Your task — Upon reaching the line containing "Assorted sashimi", output that line and all remaining lines exactly, through the end of the entries, and output nothing before it.

Data records:
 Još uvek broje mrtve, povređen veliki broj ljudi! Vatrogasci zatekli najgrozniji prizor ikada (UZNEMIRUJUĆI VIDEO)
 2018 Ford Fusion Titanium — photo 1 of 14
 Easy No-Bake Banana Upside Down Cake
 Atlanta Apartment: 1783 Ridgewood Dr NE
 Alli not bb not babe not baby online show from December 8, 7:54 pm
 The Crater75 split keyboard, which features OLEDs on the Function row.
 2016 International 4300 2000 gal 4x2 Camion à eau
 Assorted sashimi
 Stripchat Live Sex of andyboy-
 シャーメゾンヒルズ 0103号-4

Written solution —
 Assorted sashimi
 Stripchat Live Sex of andyboy-
 シャーメゾンヒルズ 0103号-4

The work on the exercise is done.